Start of Data shown

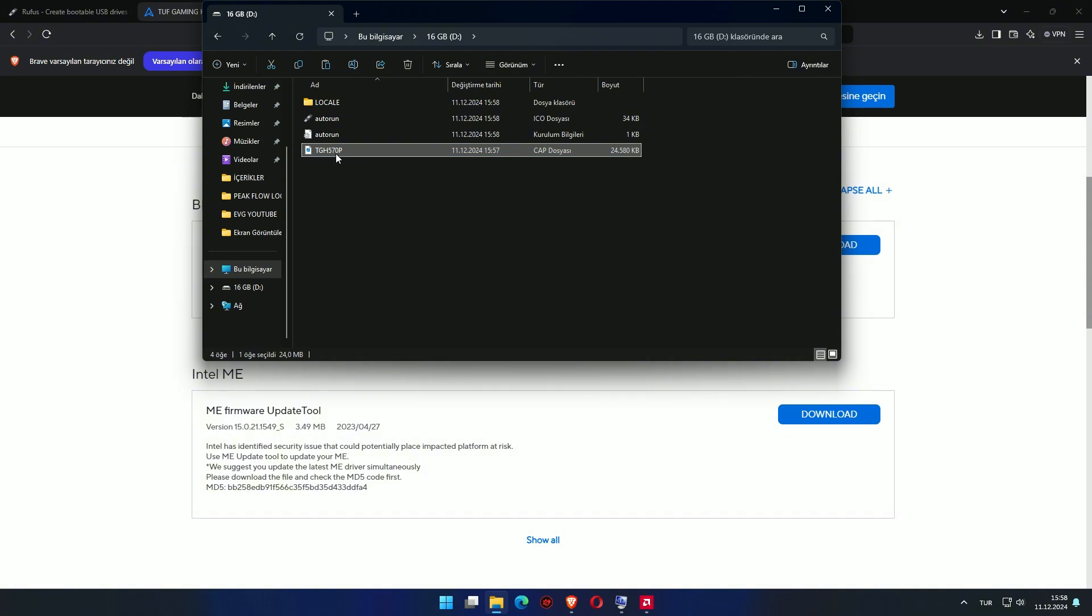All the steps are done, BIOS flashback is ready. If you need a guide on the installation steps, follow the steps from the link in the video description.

End of Data shown
Start of Data shown

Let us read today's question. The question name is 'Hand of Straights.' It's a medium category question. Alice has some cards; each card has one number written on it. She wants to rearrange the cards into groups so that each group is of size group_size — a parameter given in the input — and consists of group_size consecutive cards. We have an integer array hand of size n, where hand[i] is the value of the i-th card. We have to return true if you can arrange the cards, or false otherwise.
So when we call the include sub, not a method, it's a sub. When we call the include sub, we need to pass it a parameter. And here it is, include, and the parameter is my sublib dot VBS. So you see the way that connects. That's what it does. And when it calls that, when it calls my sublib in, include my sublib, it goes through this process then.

End of Data shown
Start of Data shown

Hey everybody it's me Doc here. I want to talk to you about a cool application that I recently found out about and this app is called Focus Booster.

End of Data shown

■ Task objective
The lines to show are those in the data above that include "this".

■ Exercise output
So when we call the include sub, not a method, it's a sub. When we call the include sub, we need to pass it a parameter. And here it is, include, and the parameter is my sublib dot VBS. So you see the way that connects. That's what it does. And when it calls that, when it calls my sublib in, include my sublib, it goes through this process then.
Hey everybody it's me Doc here. I want to talk to you about a cool application that I recently found out about and this app is called Focus Booster.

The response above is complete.